Accommodation is an extra year-round moneyspinner for the charity that owns the park, the Aspinall Foundation, started in 1984 by casino owner John Aspinall (which also owns his first wildlife park, nearby Howletts). It is primarily a conservation body, running captive breeding projects for rare and endangered species, which it reintroduces to the wild. Western lowland gorillas, black rhinos, Javan langurs and European bison have all been able to make the move from southern Kent to their natural habitats.
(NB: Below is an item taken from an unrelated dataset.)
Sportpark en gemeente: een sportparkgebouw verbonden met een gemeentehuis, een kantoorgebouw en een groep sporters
How will we fare doing the reverse?
The word “treehouse” is, as usual, misleading: these are slick cabins at the top of a steep slope above the rhino enclosure, with trees dotted around, and terraces overlooking 26 miles of flat savannah-esque-if-you-squint scenery to the Channel and France, with rhino pottering about below.
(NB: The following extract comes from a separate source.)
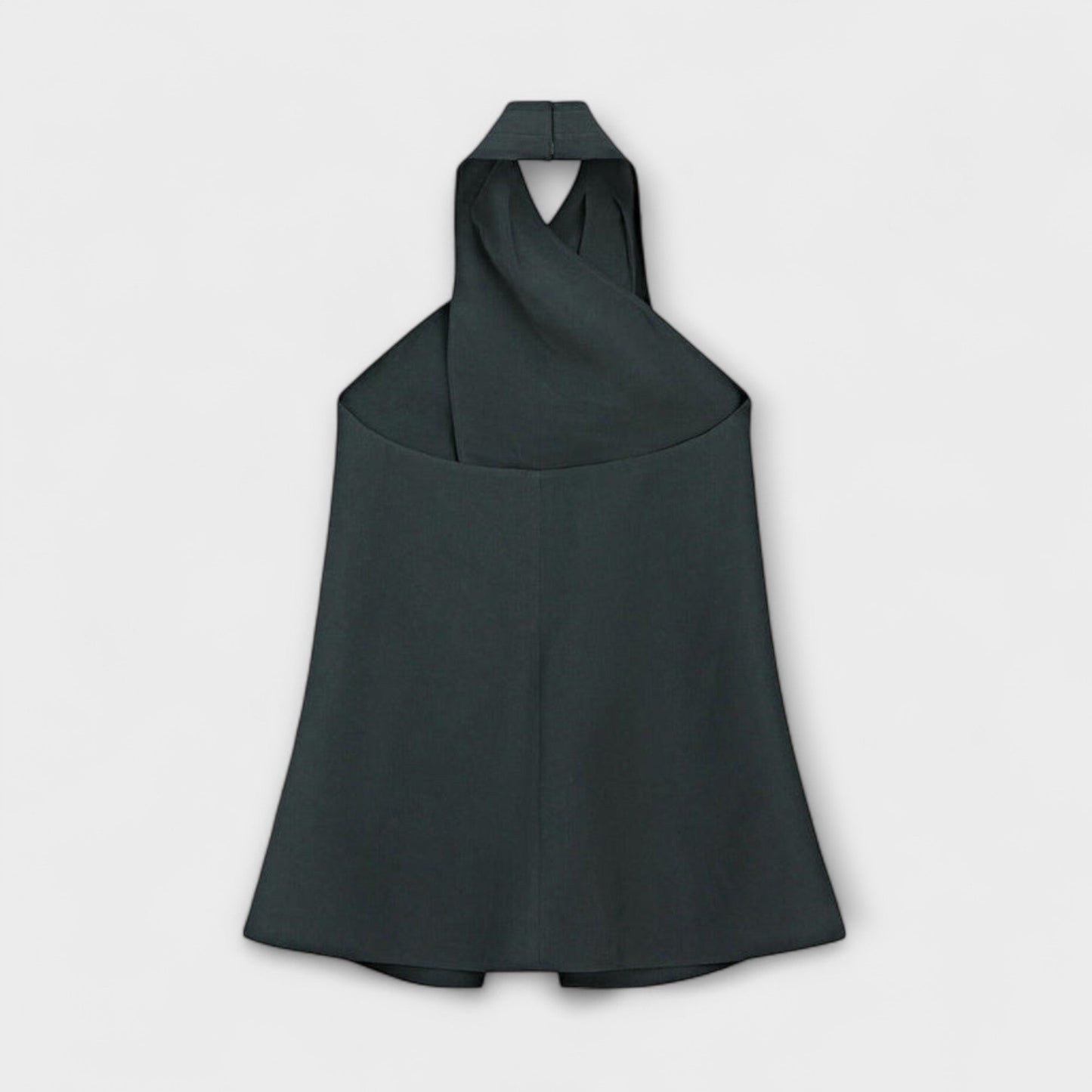 Hannah - Blue Halter Neck Top with Back Cutout Design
Interior designer Tara Bernerd has done good: the obligatory grey/neutral colour scheme has enough unusual textures and taste not to bore – midcentury-style lounge chairs and bench, concrete lampshades, sandy fabric wallpaper, sliding ryokan-style glass-panelled door, black-and-white wildlife photos (including a terrifying shot in the bathroom of some fighting, snarling gorillas). There are two bedrooms off an open-plan living space with a decent kitchen, and floor-to-ceiling glass doors opening on to the terrace. Very stylish, I like it.
But – and it’s a big but – there are hitches for those with toddlers. They don’t have enough cots, so we have to drag a mattress off one of the spare beds for ours to sleep on. The bedroom doors are very heavy and slam shut, so we have to prop them open with a table so we can hear her. The steps up to the lodge from the path are extremely steep, too widely spaced for little legs, and not gated off at the top. Maybe these rooms aren’t really aimed at young families – but this isn’t specified and otherwise they work well for us.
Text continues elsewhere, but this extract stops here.